Data excerpts Block Start
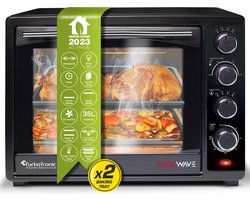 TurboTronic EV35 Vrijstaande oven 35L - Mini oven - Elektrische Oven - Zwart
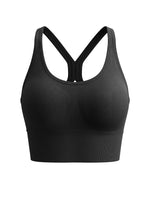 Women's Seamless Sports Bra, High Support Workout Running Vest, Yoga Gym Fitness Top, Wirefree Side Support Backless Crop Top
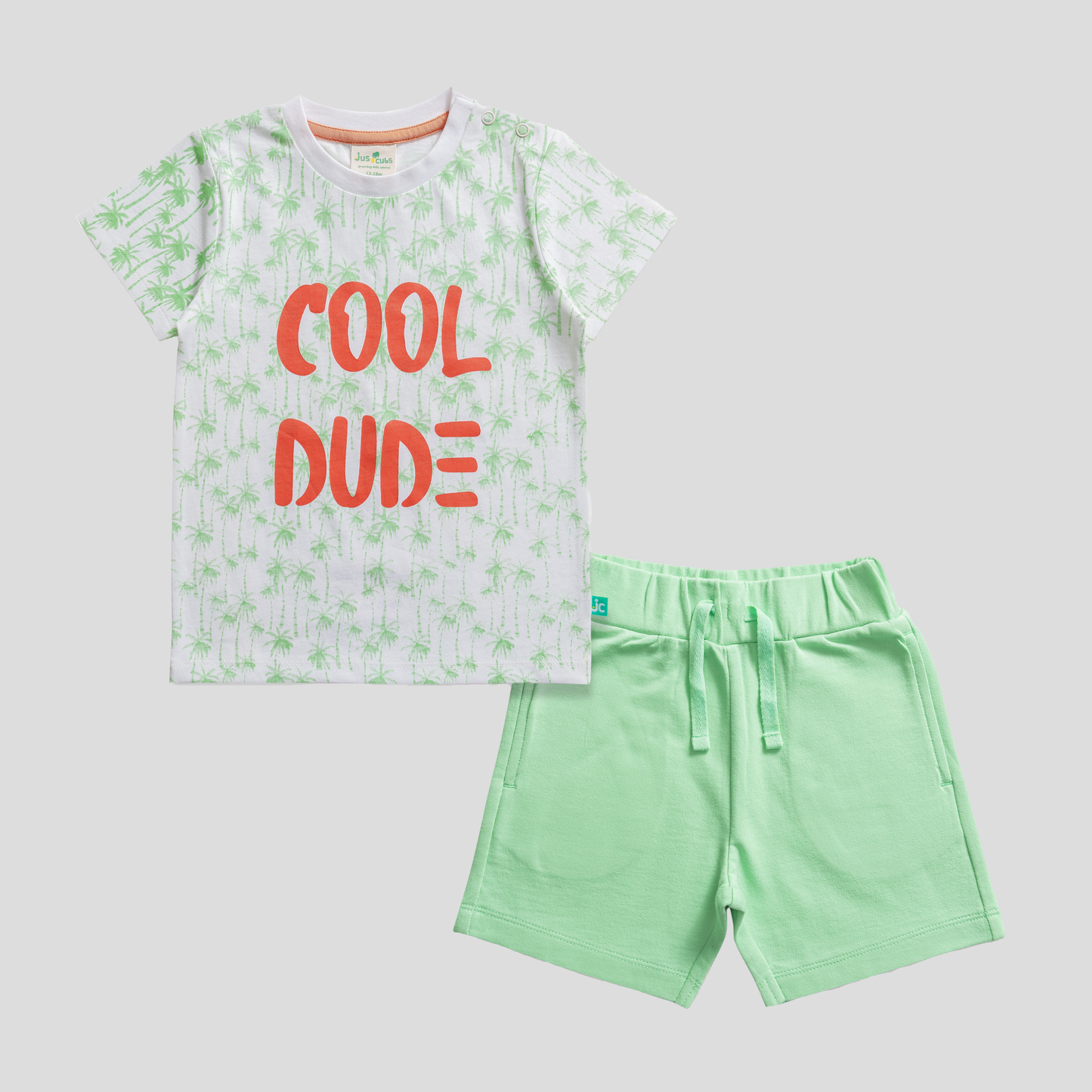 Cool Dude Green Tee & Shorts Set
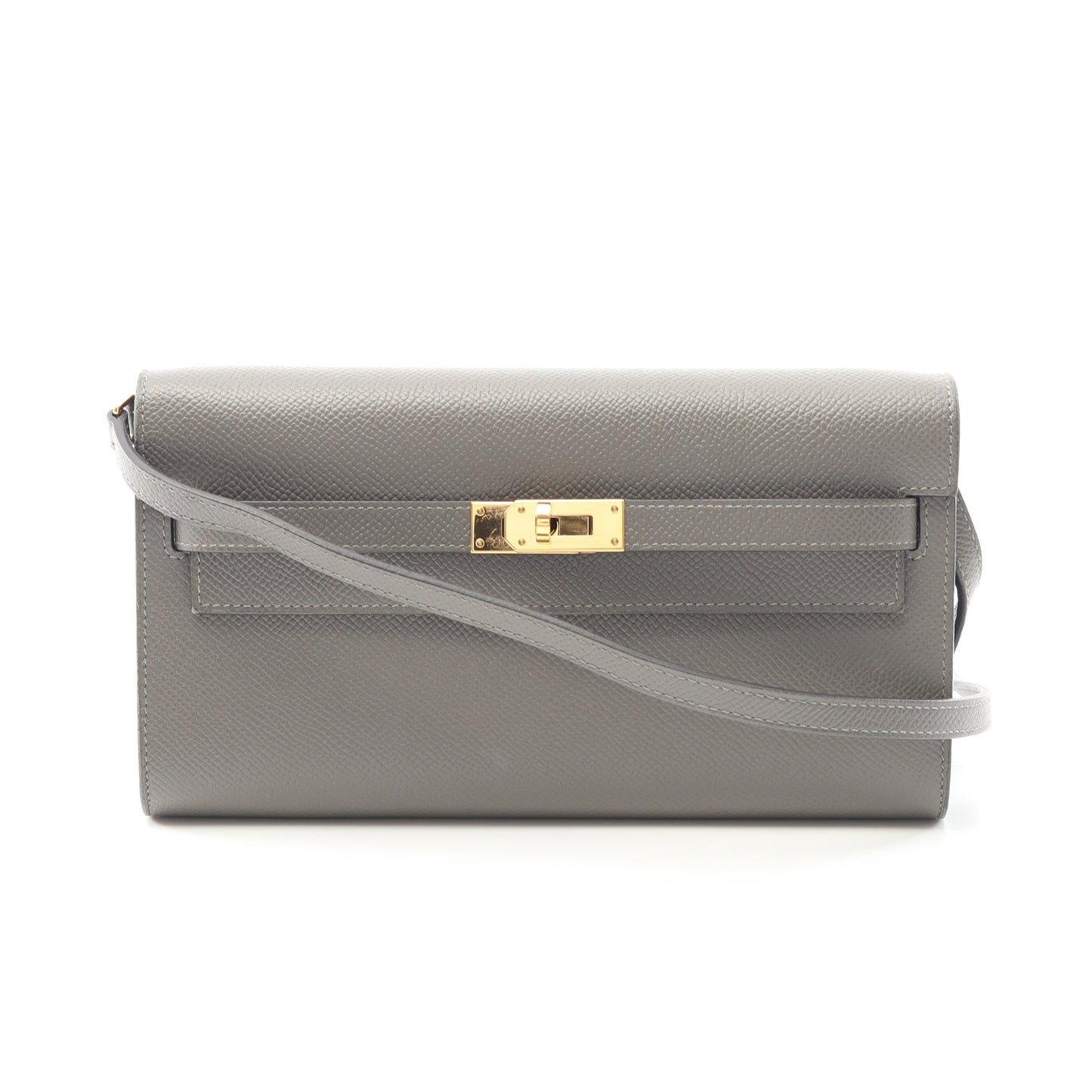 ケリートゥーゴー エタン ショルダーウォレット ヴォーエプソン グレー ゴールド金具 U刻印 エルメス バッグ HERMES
Data excerpts Block End
Data excerpts Block Start
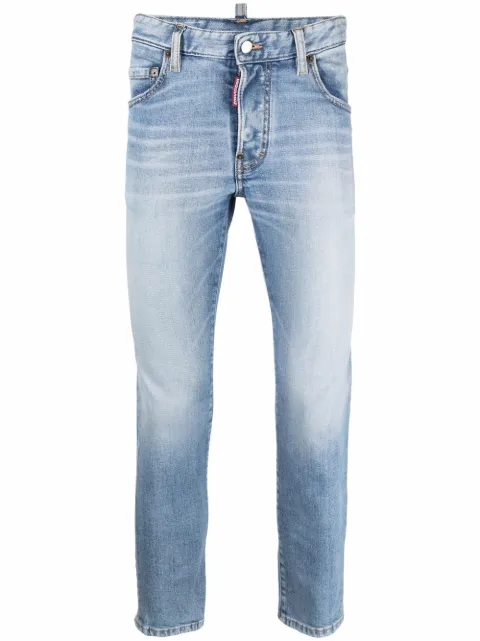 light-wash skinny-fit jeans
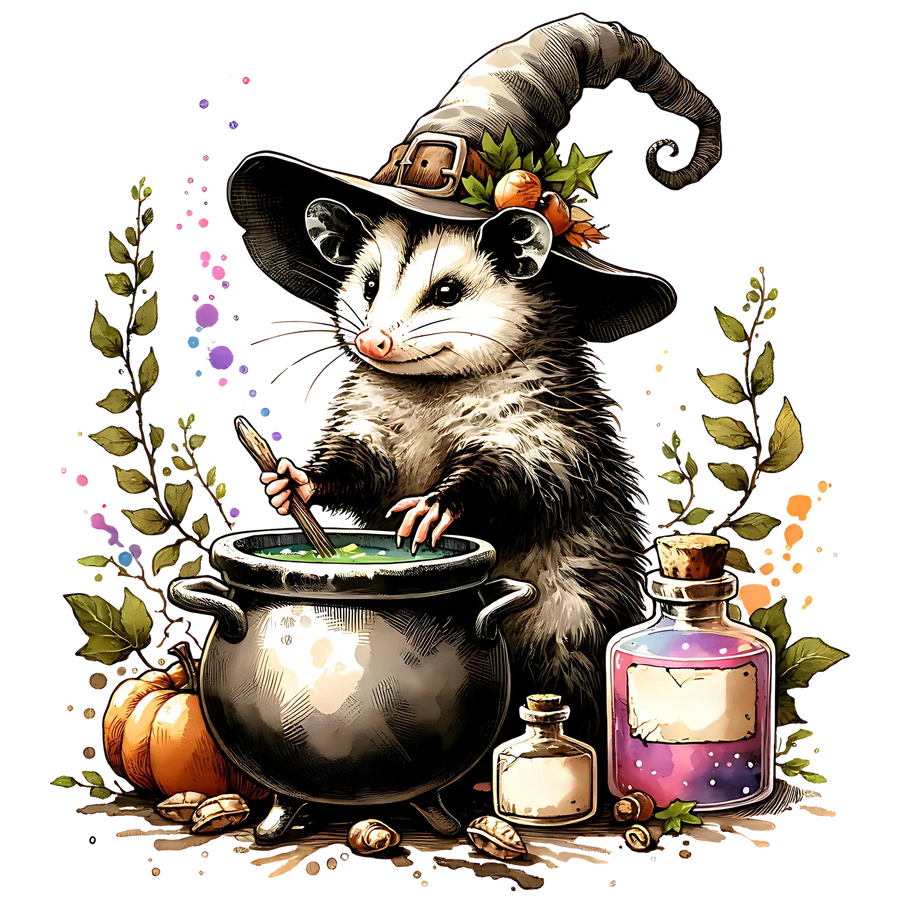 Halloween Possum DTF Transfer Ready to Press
Data excerpts Block End
Data excerpts Block Start
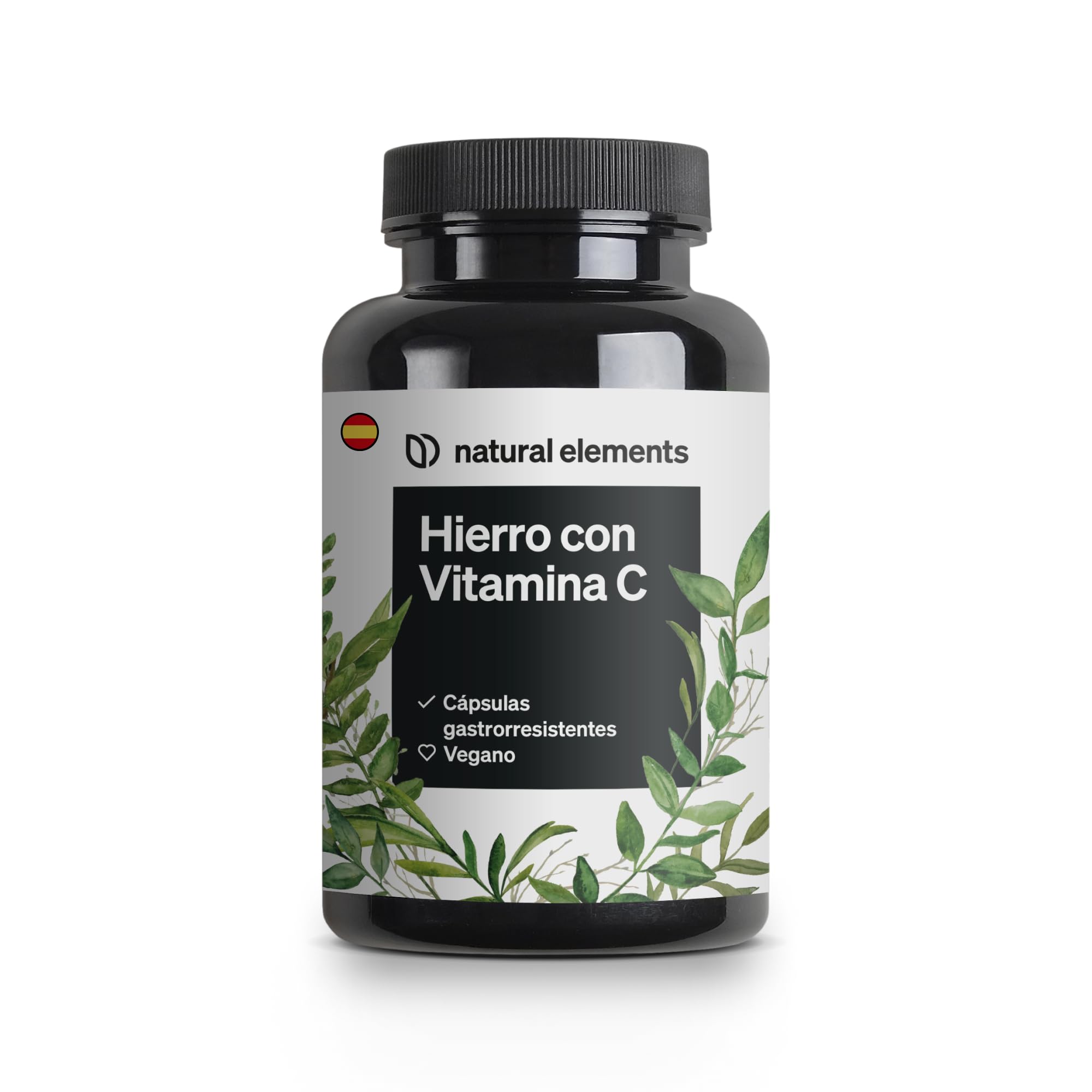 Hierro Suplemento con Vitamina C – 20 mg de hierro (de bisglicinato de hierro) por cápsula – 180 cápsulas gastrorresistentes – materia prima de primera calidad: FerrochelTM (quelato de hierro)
Data excerpts Block End
Your goal >>
Beginning at the line that has "Cool Dude Green Tee & Shorts Set" and ending at the line that has "ケリートゥーゴー エタン ショルダーウォレット", restate the listing above word for word, pictures left out.

Solution to this problem >>
 Cool Dude Green Tee & Shorts Set
 ケリートゥーゴー エタン ショルダーウォレット ヴォーエプソン グレー ゴールド金具 U刻印 エルメス バッグ HERMES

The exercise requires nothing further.